Sordità, una nuova speranza dalle cellule staminali

Una ricerca definita immensamente incoraggiante dai ricercatori, che promette di riuscire a restituire l’udito ai sordi.

Lo studio condotto dal dott. Marcelo N. Rivolta dell’università di Sheffield, che ha dato esiti molto positivi è stato condotto su alcuni roditori, a cui sono state impiantate delle cellule staminali umane non embrionali, ma prelevate dalla pelle, e trasformate in una capsula di Petri in cellule ciliari.

Le cellule ciliari consentono di trasformare le onde sonore da impulsi meccanici a impulsi nervosi per permettere al nostro cervello di elaborare i suoni. Quando le cellule ciliari vengono danneggiate non riescono a rigenerarsi, provocando sordità parziale o totale nella persona.

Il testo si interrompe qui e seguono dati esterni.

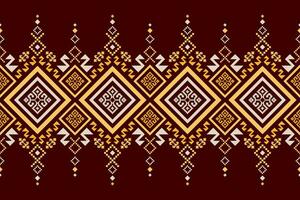 Nature vintages cross stitch traditional ethnic pattern paisley flower Ikat background abstract Aztec African Indonesian Indian seamless pattern for fabric print cloth dress carpet curtains and sarong vector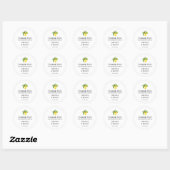 Sticker Rond Citron jaune Mariage moderne (Feuille)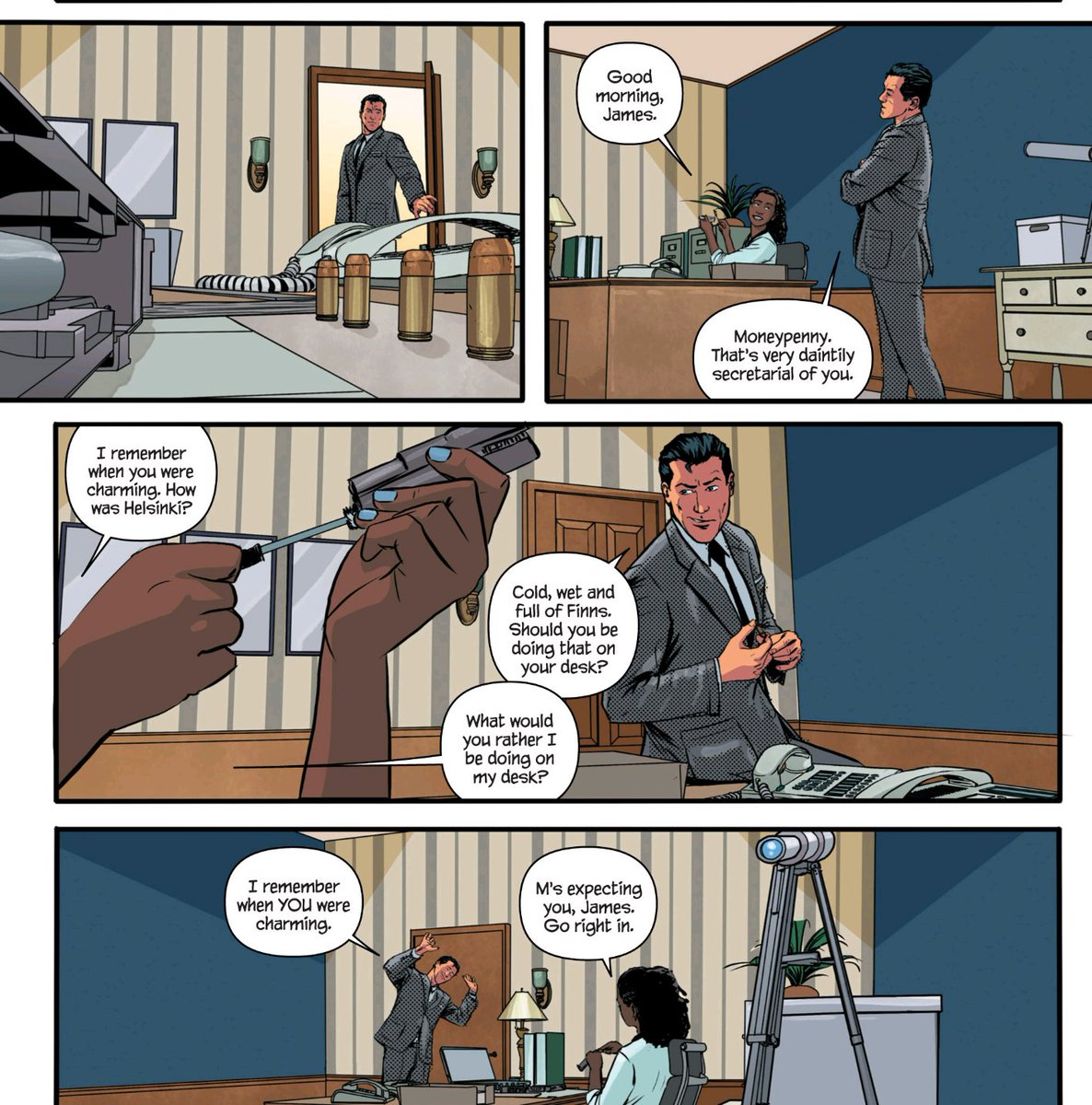 AgentUnderFire_'s tweet photo. //Got a bunch of James Bond comics on sale last week and Moneypenny is 100% the best 100% of the time. https://t.co/FifeQJnjUK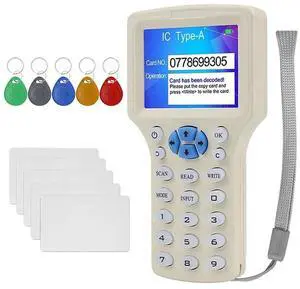 RFID NFC Smart Card Reader+5XT5577 Keychain/Card RFID Duplicator 125K 13.56MHz IC/ID Key Writer RFID Replicator,1 x Smart Card Reader Kit,Creamy white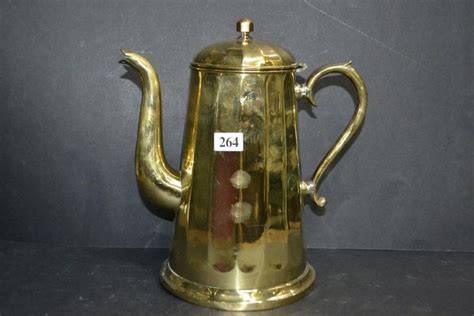 Polished Brass Coffee Pot Large Size Brass Metalware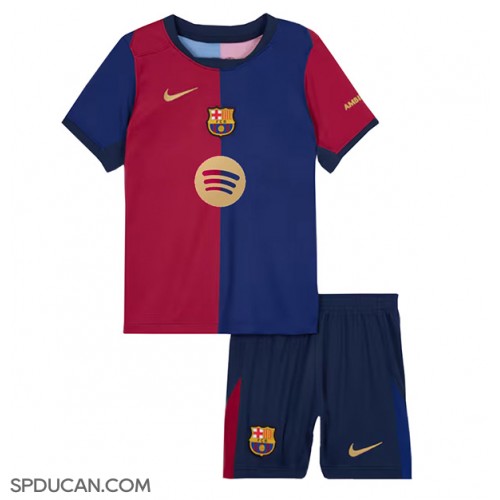 Dječji Nogometni Dres Barcelona Domaci 2024-25 Kratak Rukav (+ Kratke hlače)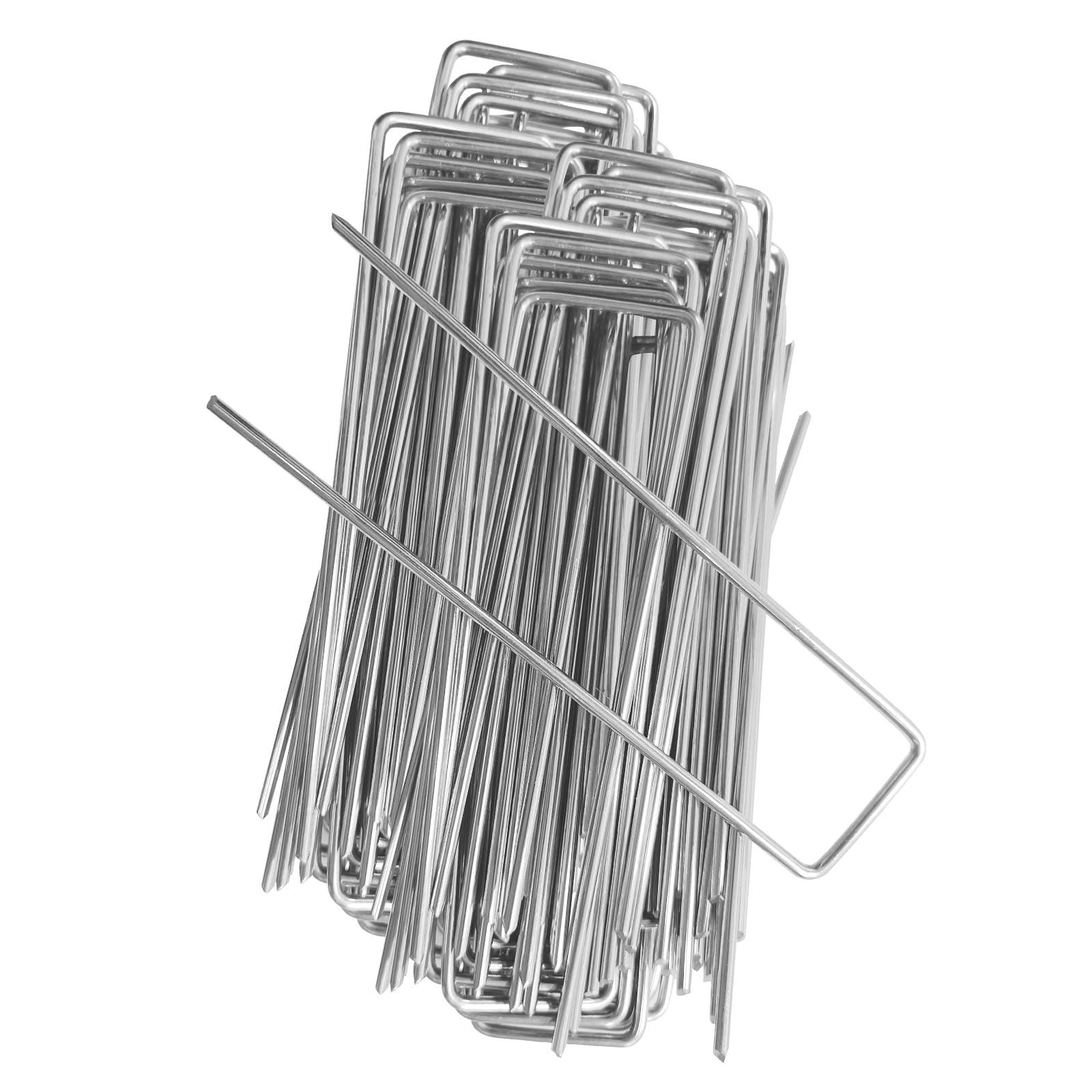50 clous galvanisés en U Ø3 mm, 40 mm larg., 150 mm long., avec 50 rondelles et 1 extracteur, fixation au sol durable. - 6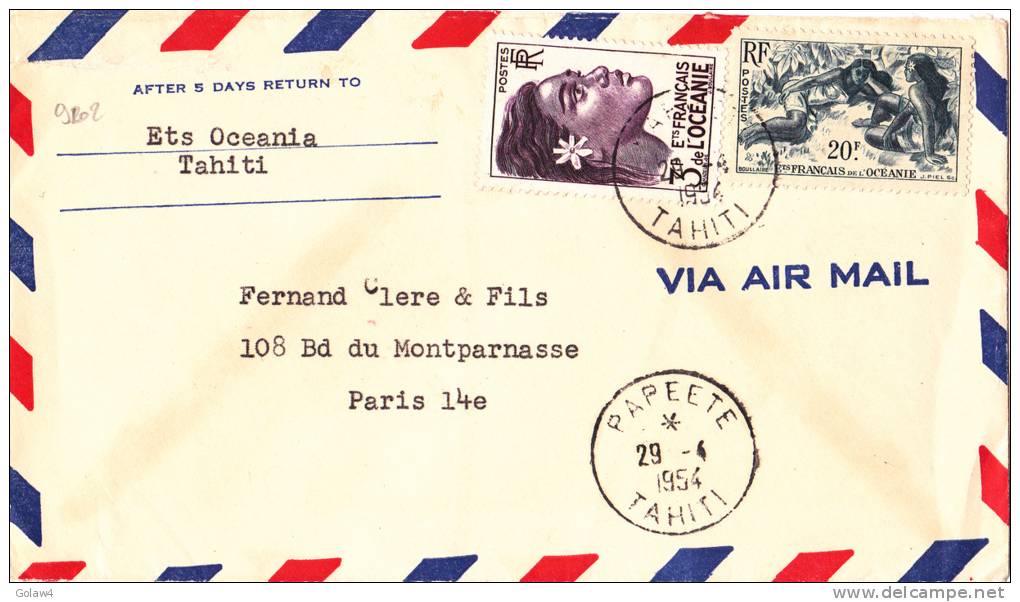 9202# LETTRE PAR AVION Obl PAPEETE TAHITI 1954 VIA AIR MAIL Pour PARIS - Otros & Sin Clasificación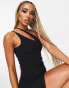 Фото #2 товара Public Desire one shoulder scrunch slash cut out summer dress in black scrunch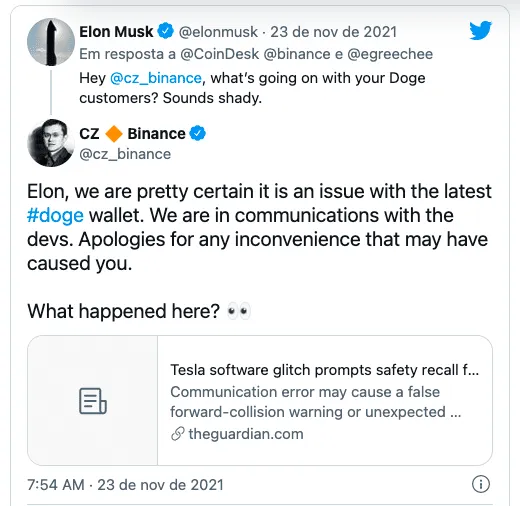 Tuíte CEO da Binance com Elon Musk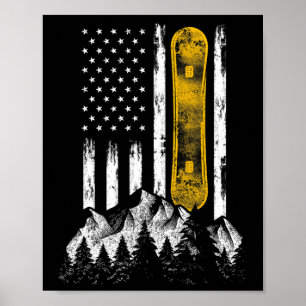 Snowboard Us Flag Snowboarding  Poster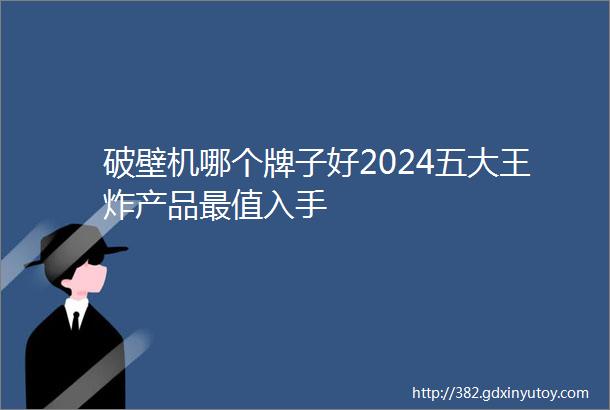 破壁机哪个牌子好2024五大王炸产品最值入手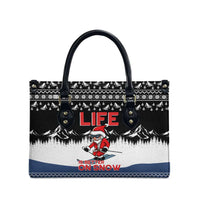 Skiing Life Is Better On Snow Christmas Leather Bag Xmas Holiday Patterns - Wonder Print Shop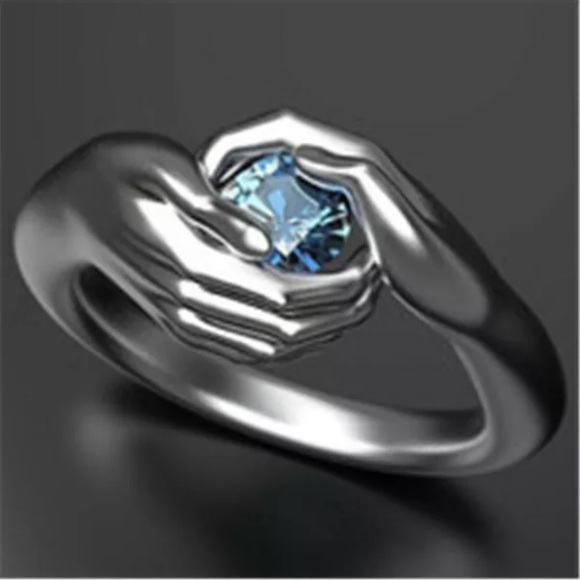 Irish Fashion Simulated Blue Topaz 925 Silver Wedding Ring - Picture 2 of 3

Le ricerche effettuate sui roditori sono state dunque volte alla rigenerazione forzosa delle cellule ciliari, tramite cellule staminali di origine cutanea. Circa i due terzi dei roditori hanno recuperato in media il 46 per cento dell’udito. Questo significa che persone totalmente sorde potrebbero essere in grado di recuperare la percezione dei suoni in misura sufficiente a sostenere una conversazione (senza più dover ricorrere alla LIS).

Le cellule staminali prelevate dal tessuto cutaneo, inoltre, permetterebbero di schivare le implicazioni etiche dell’uso delle cellule staminali embrionali, con tutto vantaggio della ricerca.

Gli studi e la ricerca proseguono, per perfezionare la tecnica di impianto e scongiurare il pericolo di rigetto delle nuove cellule ciliari.